"Social media is a whole new world, and you cannot afford to not be a part of it," says Pamela Blase, a spokeswoman for UMB Financial of
Banks say they're establishing presences on social-networking sites to tap into a growing demographic and to control the conversation about their brands. Yet the economic turmoil, some say, makes it even more important to reach out to customers any way they can.
"There's a lot of worry out there," says Ed Terpening, vice president of social media at Wells Fargo, one of the first banks with a group of employees dedicated to social networking. "That means that we have to stay close to our customers."
The appeal of social networking, according to Steve Furman, Discover's director of e-commerce, is that it provides "pure, instant" communication with customers.
In general, banks and card issuers have been slower to embrace social networking than other industries have.

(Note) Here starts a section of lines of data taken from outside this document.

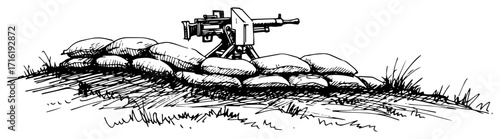 Machine Gun Emplacement on Sandbags Sketch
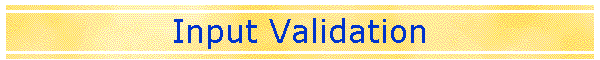 Input Validation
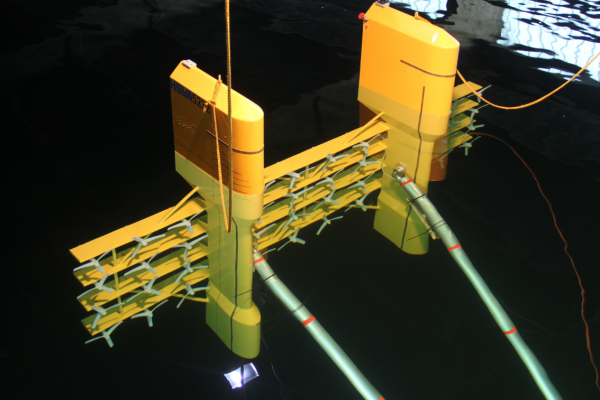Model tests of the Triton platform in Hamburg Ship Model Basin (HSVA) (operating position)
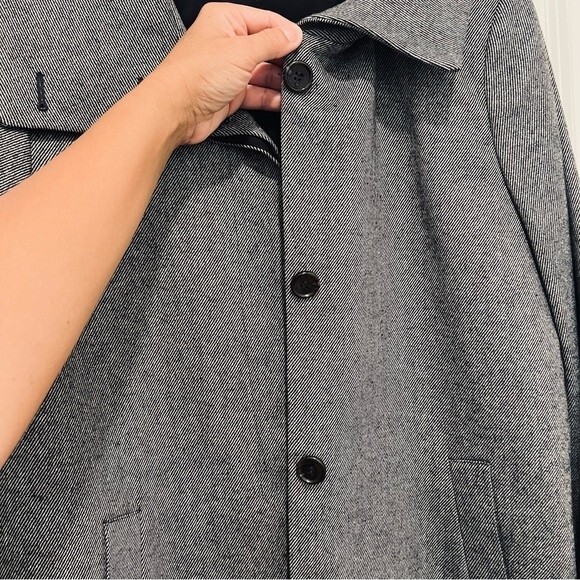 Talbots Black & White Striped Wool Blend Jackie Fit Pleated Peacoat/Jacket Sz 10 - Picture 5 of 12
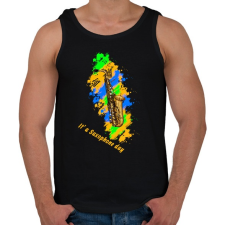 PRINTFASHION it's a saxophone day - Férfi atléta - Fekete atléta, trikó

But social networking has become popular enough that, for many institutions, it's not a question of if but when to establish a presence on these sites, says James McGovern of Corporate Insight, a financial-services research firm.
Yet as a growing number of banks become proficient in the social-networking world, the norms of customer service are being upended. Increasingly, today's online interactions between banks and consumers are peppered with shorthand, typos and even slang.
"It sounds like you need 2 talk 2 someone abt your specific situation," read a recent Twitter post from a Wells Fargo rep.
Adding to banks' challenges, social-networking sites are becoming another venue for consumers to complain — and complain is exactly what they're doing as credit card rates and fees rise even as the economy struggles and unemployment rises.